I am just back from the Singularity Summit that took place in NY during the week-end of 3-4 Oct 2009.
I will make a separate report on the rest of the event, but i was completely blown away by the 30 min speech by Peter Thiel and following panel discussion with Venture Capitalists.
Peter Thiel is president of Clarium, a global macro hedge fund. He is also the founder and chairman of Palantir Technologies, a national security software firm, and a founding investor and board member of Facebook, which serves more than 200 million active users. He helps launch many other new technology companies as a founder and partner of the Founders Fund. Previously, he was founder and CEO of PayPal, which manages more than 175 million financial accounts.
Peter Thiel has philosophy and law degrees from Stanford University, where he occasionally teaches on globalization and sovereignty and serves on the board of overseers of the Hoover Institution. He funds research in artificial intelligence and life extension technologies.
See for his other investments on the above link to Wikipedia. It also becomes very apparent what a fine crew must have been at the basis of PayPal. Many of the ex-PayPallers have created very successful companies.
Also his philanthropic endeavors in the Singularity Institute, the Methuselah Mouse Prize foundation (Michael Rose himself was also at the conference) and Dr. de Grey’s work on extending human life span are some examples where Thiel’s long term vision is. I will come back later in this blog post on “time horizons”
But back to his 30 min speech at the Singularity Summit.
First his appearance. He made me immediately think about Steve Ballmer: his eyes are hypnotizing. His body language shows "withhold energy”. His jaws and mouth tense. Ready to explode. Clearly fit and in top shape. Laser sharp attention when somebody asks a question. Always listening and answering with respect.
And he delivered his speech without any supporting slide, and – as far as i could see – without any notes nor an autocue or something like that. Wow !

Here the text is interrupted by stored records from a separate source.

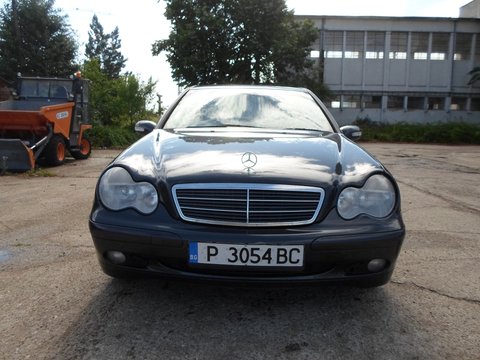 Capota Mercedes C class W203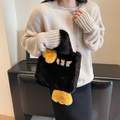 Sac à main mignon en fausse fourrure noire avec patte de canard et chaîne dorée - Noir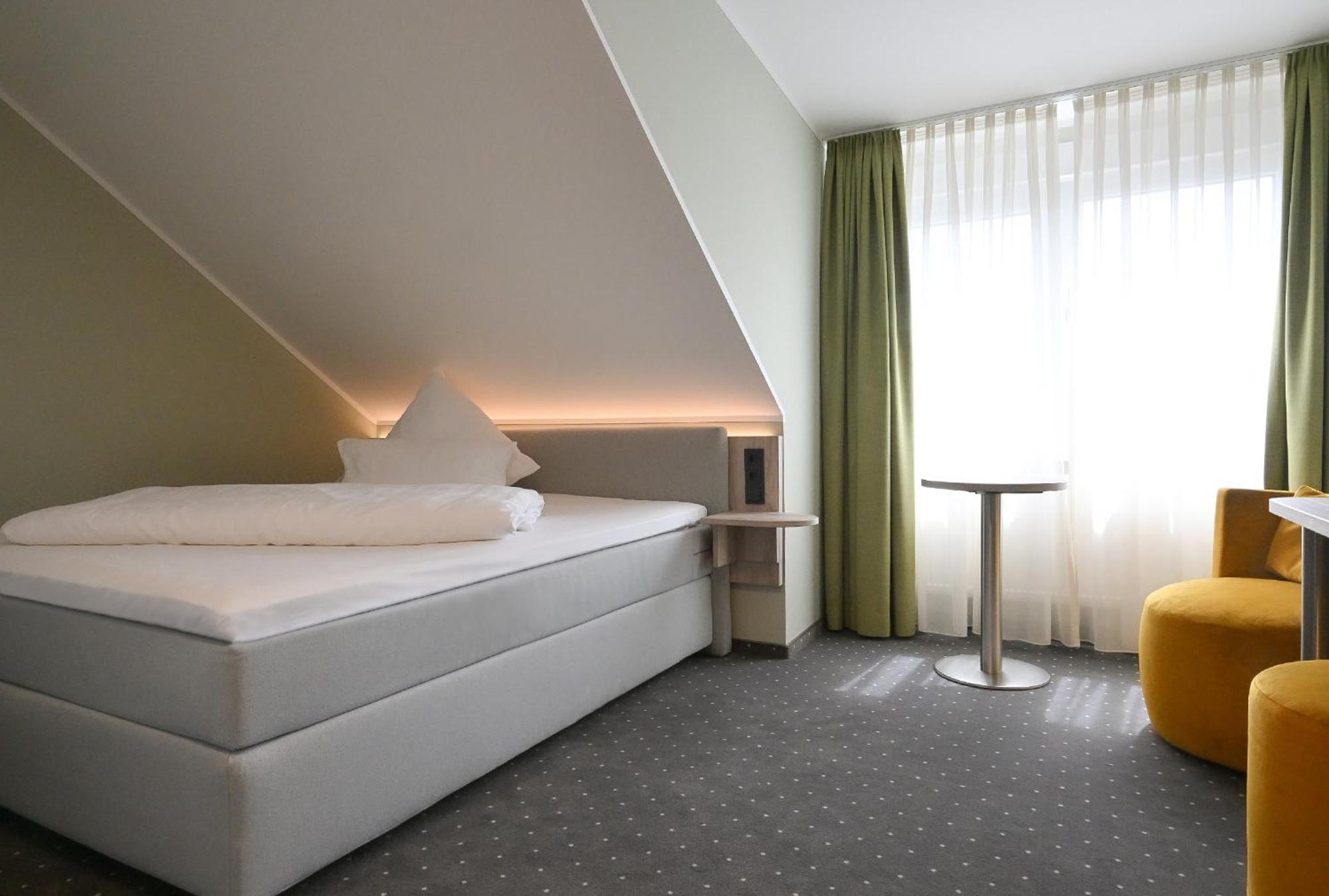 Hotel Restaurant Zur Post Lohfelden מראה חיצוני תמונה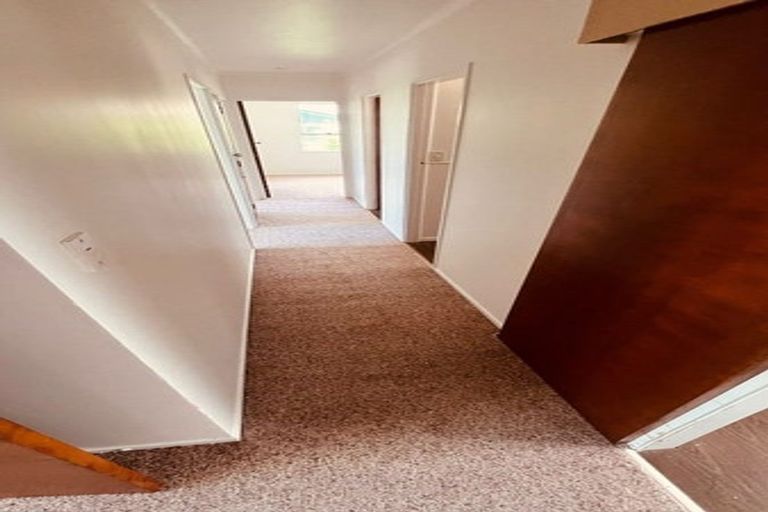 Photo of property in 8 Glucina Place, Glen Eden, Auckland, 0602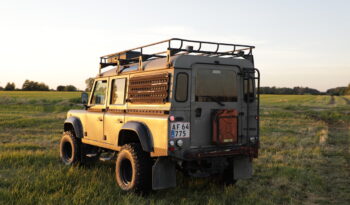 Land Rover Defender 110 full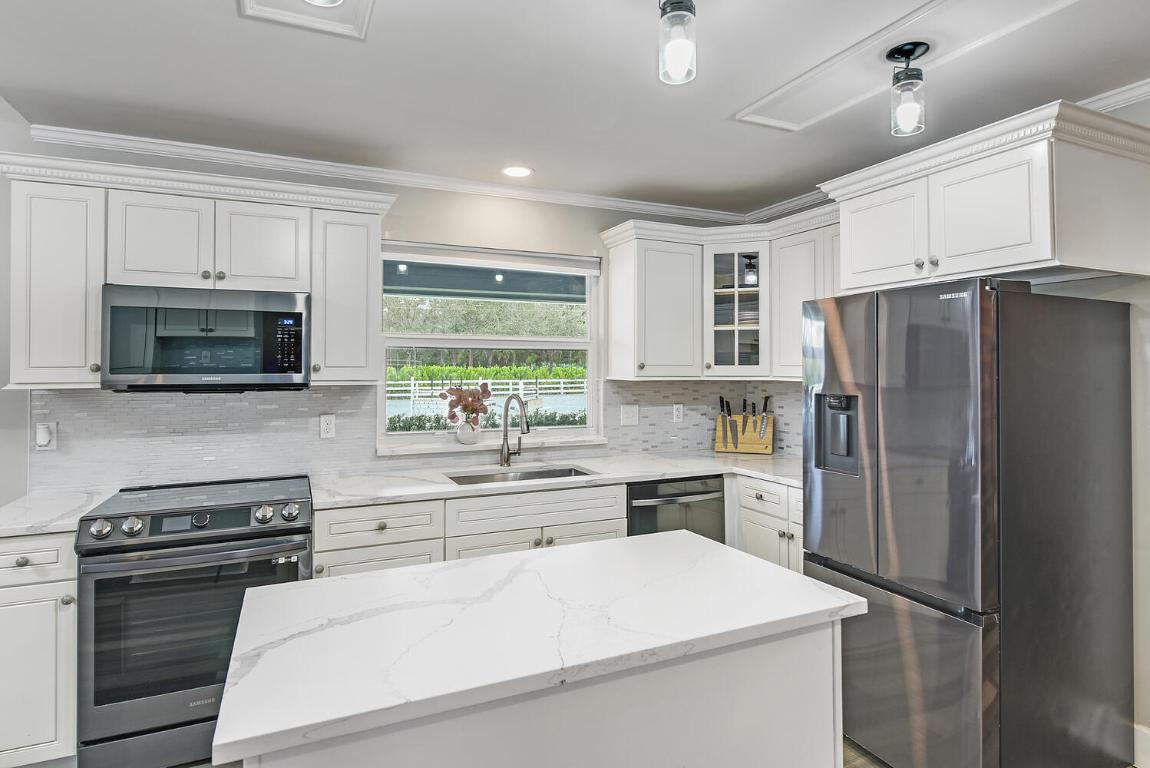 PADDOCK PARK 2 OF WELLINGTON - Residential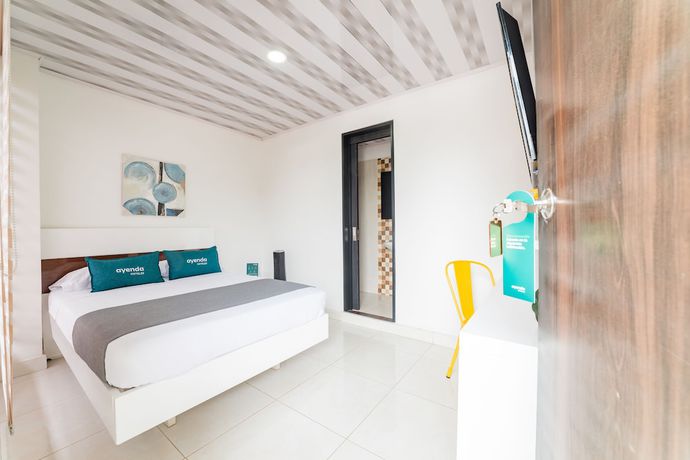 Imagen de la habitación del Hotel Prados del Sur. Foto 6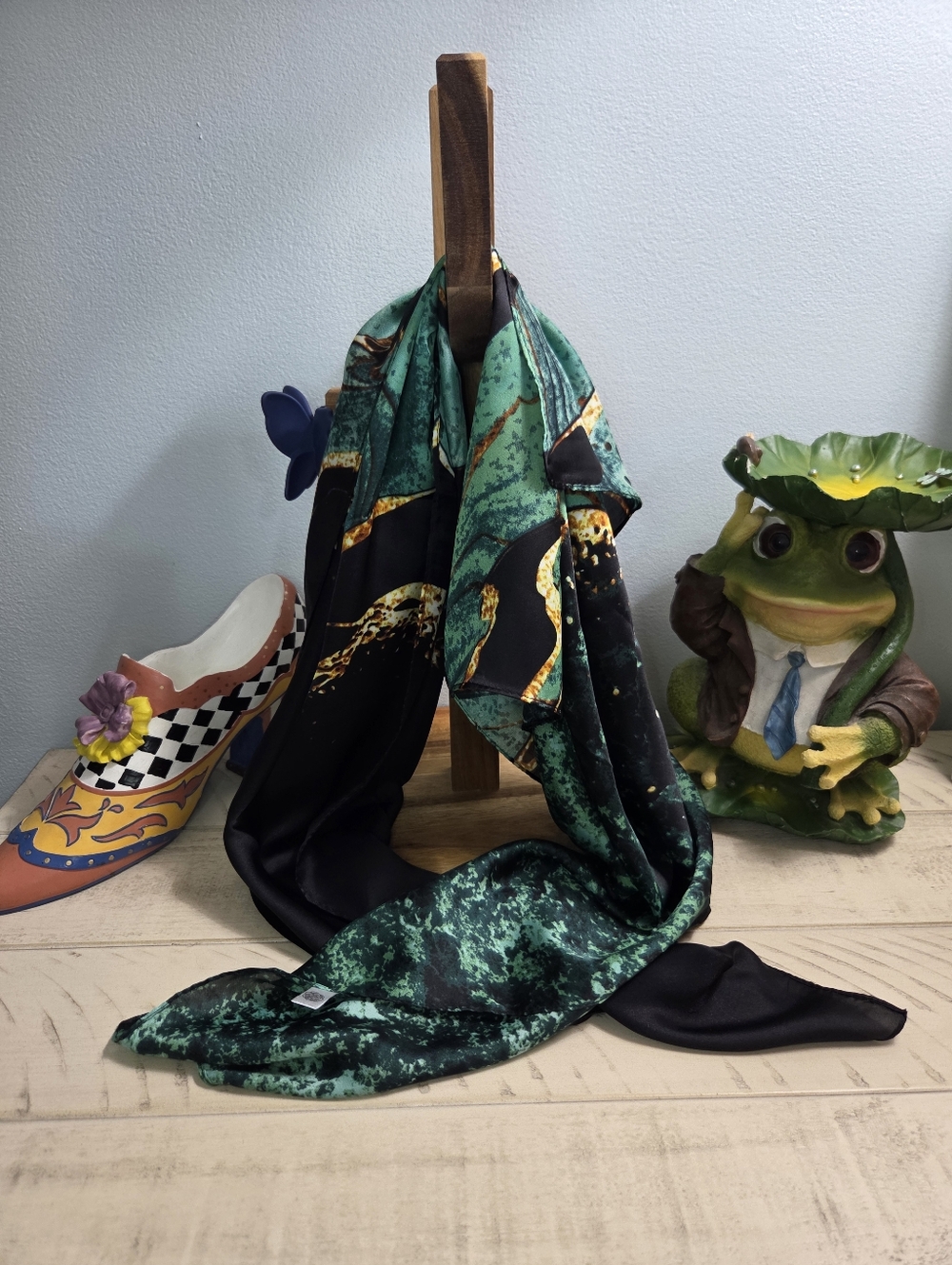 (BUY NOW)Green & Black Abstract Silk Scarf, 36"×36",EUC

The title of his speech last Sunday was “Macroeconomics and Singularity”.
He started his speech with letting the crowd choose between a number of catastrophe scenarios: from bio-terrorism, to nuclear war, global warming, and a couple more like that.
His thesis was that the biggest disaster that could happen would be that the Singularity does not happen quickly. It was the start of a staggering discourse on why innovation – and especially disruptive innovation – is key to the continuation of our society. And in a grandiose move, he interweaved the financial crisis in to all of this.
Credit only works against a background of growth. But if claims of the future (singularity is a good example) don’t realize, that has a big impact on credit, on to be expected returns (which he claims are way too high for non-risk taking investments), and on the basis (growth) of our society at large. Society would still be “functioning” by fixes such as working till the age of 80, or earn less, or have low returns on capital, but that’s not what we understand with progress.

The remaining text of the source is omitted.